Le projet « Quais de Seine » sur le terrain Frissard Sud-Ouest, quai des Antilles, présente « une dominante habitat » pour répondre aux besoins de logement des étudiants, des Havrais et des touristes avec la mise en place d’une ferme aquaponique et un espace multi-services ouvert au public. Les travaux vont débuter en mars 2020. Il reste un travail à conduire autour de l’élément flottant prévu dans le projet.
Le projet « Hangar zéro » sur le quai de la Saône, porté par de nombreuses associations, fonctionne sur le principe d’une mise à disposition de locaux et ateliers pour des initiatives solidaires, artistiques, équitables. Il compte des espaces pour accueillir du public (restaurant, micro-brasserie, boutique), des jardins (partagés, ruches, ferme lombricole), de l’agriculture urbaine, une plate-forme d’échange et de réemploi des matériaux de construction, des activités nautiques, du fret par voie fluviale. « Le permis de construire a été déposé et accepté, indique Jean-Denis Salesse. Il reste à boucler les aspects financiers ».

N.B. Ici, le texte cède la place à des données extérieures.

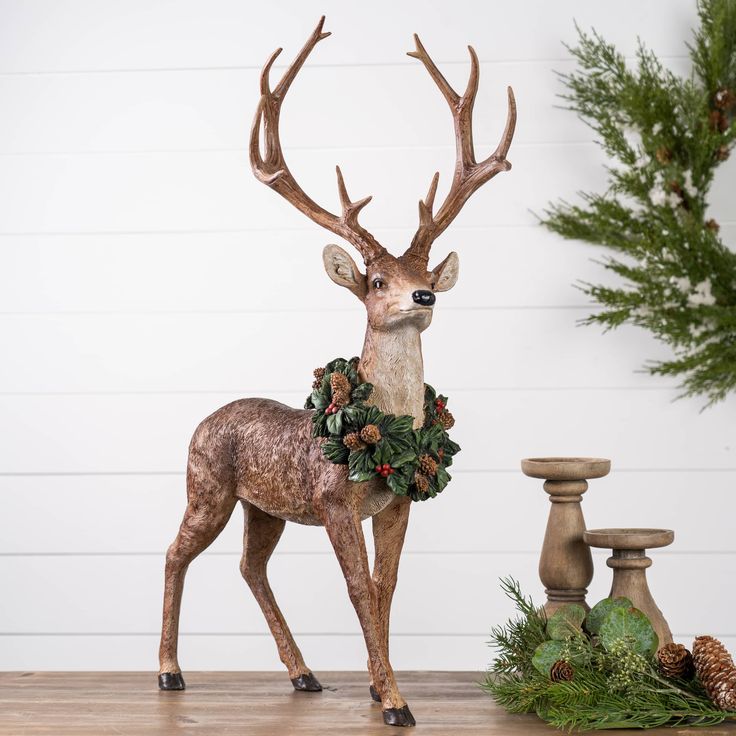 a statue of a deer standing on top of a wooden table next to pine cones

Le projet du « Quai des jumeaux » prévoit sur deux parcelles de part et d’autre du canal de Tancarville deux bâtiments jumeaux en lien avec l’activité de transbordement de marchandises (espaces logistiques et de stockage) mais aussi avec un accueil du public « pour donner à lire l’activité portuaire aux abords des bassins » avec une terrasse panoramique et un restaurant. « C’est un projet très avant-gardiste, au cœur de la problématique de la densification urbaine ; comment traiter les activités logistiques tout en les insérant dans la ville ? », relève Jean-Denis Salesse. Pour avancer, les porteurs du projet se sont associés à des architectes locaux. Les réflexions conduisent à une évolution du projet tel que présenté avec un besoin de davantage de superficie, environ 2 à 3 fois plus de terrain qu’à l’origine.
Le projet « Barges et berges en Seine » se répartit entre le port de Tolbiac dans Paris et le bassin Vatine au Havre, en étant composé d’un bâtiment sur berge et de trois barges qui selon les mois de l’année stationnent dans les deux villes en permutant. Le business-plan repose sur le lancement de l’activité à Paris avant de l’implanter au Havre. Les porteurs du projet ont obtenu une COT à Paris d’une durée correspondante à l’investissement nécessaire et ont déposé un permis de construire mais doivent actuellement répondre à des demandes de la Ville de Paris en lien avec le PLU.